Steve Thompson directs the orchestra program.
“For them to be able to sit down with a group like CJP and join in and be part of this has just been outstanding and during the break I was in the hall listening to every one of them saying ‘wow this just really great.’ Two weeks ago they were saying ‘who’s Duke Ellington?’”
The idea of incorporating strings into a concert by the Capital Jazz Project began last fall when Thompson was approached by CJP pianist and musical director Joe Gilman. They decided jazz great Duke Ellington, who was born in April, would be a good choice for a tribute with strings. Joe Gilman.
“He’s written some tunes that are like standards, he’s written some jazz classics, he’s written some tunes that are vocal oriented. So we decided to put all that together for this concert. Then it came time to figure out, o.k. now we gotta come up with three hours worth of music. So how we gonna do this?!”
Writing orchestral arrangements is no small task. While Gilman and CJP saxophonist Mike McMullen have experience in the field, clearly they would need help, which professor Gilman got in the form of an assignment.

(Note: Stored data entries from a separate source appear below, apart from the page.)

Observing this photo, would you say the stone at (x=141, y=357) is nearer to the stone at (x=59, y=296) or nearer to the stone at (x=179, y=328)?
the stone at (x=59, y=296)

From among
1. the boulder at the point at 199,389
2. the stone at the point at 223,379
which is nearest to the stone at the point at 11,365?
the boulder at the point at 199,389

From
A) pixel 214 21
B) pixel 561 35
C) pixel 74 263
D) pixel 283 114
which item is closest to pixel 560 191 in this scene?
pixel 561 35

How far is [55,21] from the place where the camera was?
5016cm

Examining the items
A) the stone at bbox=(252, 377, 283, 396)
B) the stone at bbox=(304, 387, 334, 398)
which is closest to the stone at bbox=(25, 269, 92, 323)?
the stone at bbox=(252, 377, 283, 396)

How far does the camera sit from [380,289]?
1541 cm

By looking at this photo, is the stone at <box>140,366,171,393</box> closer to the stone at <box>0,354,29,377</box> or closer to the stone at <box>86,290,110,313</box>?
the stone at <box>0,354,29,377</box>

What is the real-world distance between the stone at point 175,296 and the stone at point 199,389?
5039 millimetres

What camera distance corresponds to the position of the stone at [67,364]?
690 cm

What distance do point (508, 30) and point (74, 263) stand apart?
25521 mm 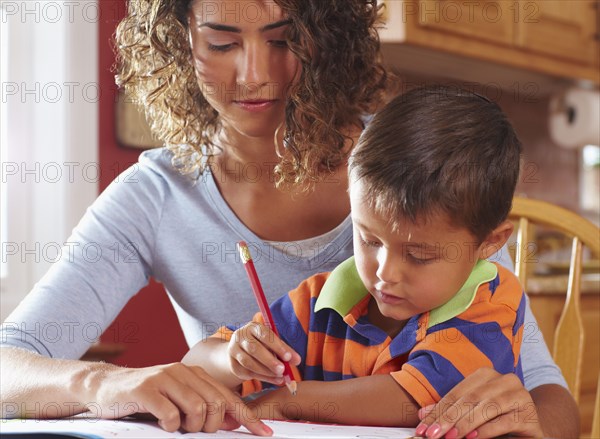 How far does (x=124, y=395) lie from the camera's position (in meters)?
0.87

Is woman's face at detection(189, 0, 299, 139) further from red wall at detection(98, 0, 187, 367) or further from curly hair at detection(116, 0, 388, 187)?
red wall at detection(98, 0, 187, 367)

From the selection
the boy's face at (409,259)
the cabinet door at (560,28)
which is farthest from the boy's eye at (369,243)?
the cabinet door at (560,28)

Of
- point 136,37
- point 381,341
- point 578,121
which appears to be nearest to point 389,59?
point 578,121

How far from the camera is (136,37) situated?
4.76 ft

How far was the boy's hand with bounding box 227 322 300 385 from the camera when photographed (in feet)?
2.88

“I’m teaching arranging at the Brubeck Institute which is down in Stockton. And so I decided well this is a perfect educational opportunity for them to learn how to write for strings and have it played by a studio orchestra situation with a jazz combo and so that started as a project for them as early as January.”

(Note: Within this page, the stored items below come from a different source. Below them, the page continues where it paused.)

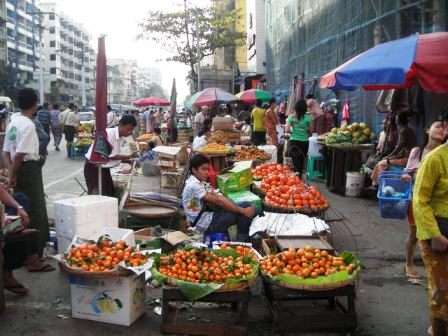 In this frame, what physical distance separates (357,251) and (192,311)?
286 centimetres

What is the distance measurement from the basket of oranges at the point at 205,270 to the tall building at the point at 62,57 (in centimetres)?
9272

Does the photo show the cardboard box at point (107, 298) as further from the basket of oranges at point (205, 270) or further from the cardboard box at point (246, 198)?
the cardboard box at point (246, 198)

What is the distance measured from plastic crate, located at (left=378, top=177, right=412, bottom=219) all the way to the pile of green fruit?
3905 mm

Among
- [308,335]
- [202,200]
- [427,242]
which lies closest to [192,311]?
[308,335]

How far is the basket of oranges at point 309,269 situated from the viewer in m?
4.30

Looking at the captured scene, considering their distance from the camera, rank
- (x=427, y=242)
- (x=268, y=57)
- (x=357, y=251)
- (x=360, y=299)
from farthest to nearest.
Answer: (x=268, y=57) < (x=357, y=251) < (x=360, y=299) < (x=427, y=242)

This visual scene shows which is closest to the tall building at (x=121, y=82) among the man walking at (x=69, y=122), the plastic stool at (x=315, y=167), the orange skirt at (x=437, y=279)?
the man walking at (x=69, y=122)

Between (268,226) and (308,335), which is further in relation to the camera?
(268,226)

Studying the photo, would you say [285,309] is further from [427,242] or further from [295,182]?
[295,182]

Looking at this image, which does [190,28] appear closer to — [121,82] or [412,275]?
[412,275]

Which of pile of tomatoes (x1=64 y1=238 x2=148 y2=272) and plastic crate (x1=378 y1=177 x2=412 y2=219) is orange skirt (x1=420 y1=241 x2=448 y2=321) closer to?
pile of tomatoes (x1=64 y1=238 x2=148 y2=272)

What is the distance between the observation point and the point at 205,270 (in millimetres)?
4473

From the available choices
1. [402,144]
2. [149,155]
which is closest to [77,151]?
[149,155]

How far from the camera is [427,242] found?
3.66m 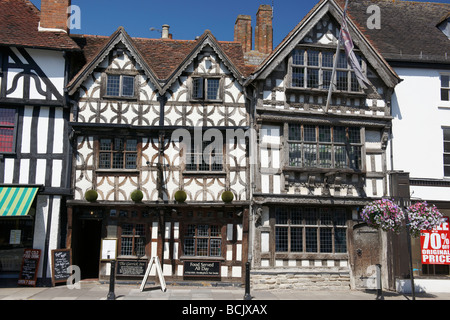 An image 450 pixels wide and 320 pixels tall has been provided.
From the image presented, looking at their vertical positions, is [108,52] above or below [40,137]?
above

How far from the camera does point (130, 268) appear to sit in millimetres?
13969

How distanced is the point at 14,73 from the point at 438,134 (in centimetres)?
1529

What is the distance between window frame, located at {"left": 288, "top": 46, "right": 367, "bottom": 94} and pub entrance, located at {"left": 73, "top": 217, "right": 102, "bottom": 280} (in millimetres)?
8837

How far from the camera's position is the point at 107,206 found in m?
14.1

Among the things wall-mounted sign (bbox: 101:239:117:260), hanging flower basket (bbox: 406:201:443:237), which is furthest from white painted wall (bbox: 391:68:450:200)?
wall-mounted sign (bbox: 101:239:117:260)

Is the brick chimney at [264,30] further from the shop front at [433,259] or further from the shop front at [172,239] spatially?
the shop front at [433,259]

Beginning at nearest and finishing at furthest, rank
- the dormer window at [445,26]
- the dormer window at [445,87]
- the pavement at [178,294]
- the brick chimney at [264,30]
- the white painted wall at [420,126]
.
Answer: the pavement at [178,294] → the white painted wall at [420,126] → the dormer window at [445,87] → the dormer window at [445,26] → the brick chimney at [264,30]

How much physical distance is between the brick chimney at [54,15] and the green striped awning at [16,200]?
19.6 ft

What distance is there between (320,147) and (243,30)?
22.6ft

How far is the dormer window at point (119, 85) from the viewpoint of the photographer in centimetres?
1449

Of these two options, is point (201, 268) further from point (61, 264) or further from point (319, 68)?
point (319, 68)

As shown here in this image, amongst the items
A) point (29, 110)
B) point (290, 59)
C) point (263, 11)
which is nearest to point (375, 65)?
point (290, 59)

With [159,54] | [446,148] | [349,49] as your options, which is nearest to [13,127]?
[159,54]

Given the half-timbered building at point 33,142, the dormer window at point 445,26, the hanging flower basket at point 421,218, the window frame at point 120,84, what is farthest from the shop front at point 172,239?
the dormer window at point 445,26
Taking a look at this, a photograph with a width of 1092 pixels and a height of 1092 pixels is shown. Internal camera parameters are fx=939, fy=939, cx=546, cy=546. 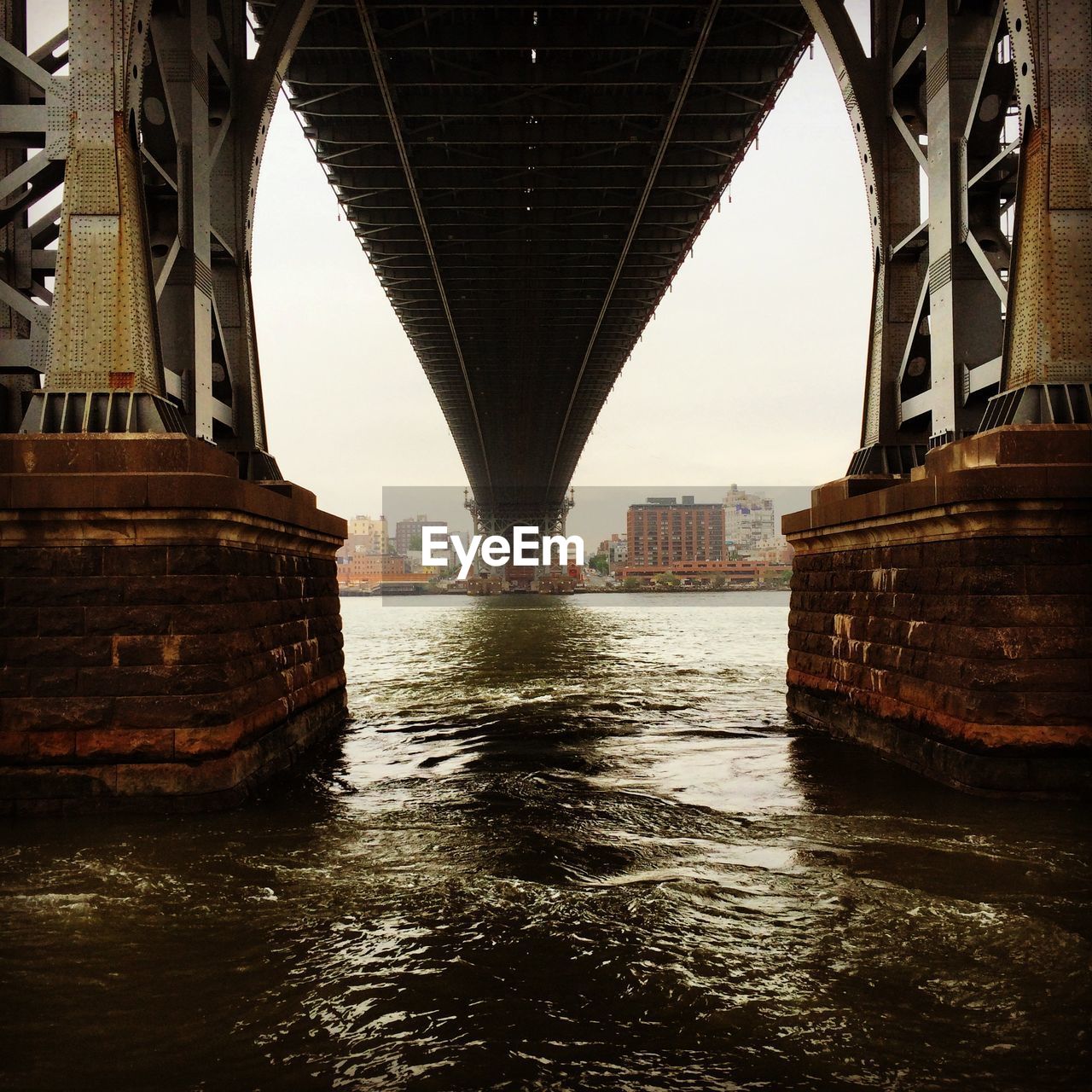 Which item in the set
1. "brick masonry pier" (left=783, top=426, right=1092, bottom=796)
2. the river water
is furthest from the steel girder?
the river water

The Brubeck Institute at University of the Pacific is a National Fellowship program for exceptionally gifted 18 and 19-year-old musicians. Josh Gallagher and Mark Zaleski are among the six Fellows whose arrangements were featured.
“It was a very educational experience for me, because I haven’t spent much time around string players, just finding out how they interpret things that I wrote.” “None of us have written for strings before so to hear those arrangements played, you know, you kinda know what the chords are gonna sound like, but you don’t know how it’s really gonna come through until today. So it’s a pretty thrilling experience. ”
Thrilling for the orchestra, too, says conductor Steve Thompson. But, he adds, the biggest benefit of this rare, musical collaboration may have been its educational impact.
“The students get a real shot at seeing what a professional is like. They get maybe 2 rehearsals like they did for this one. And they have to do a show. So it gives them a strong sense of what it takes to be a professional musician so it’s a real nice deal for all of them.”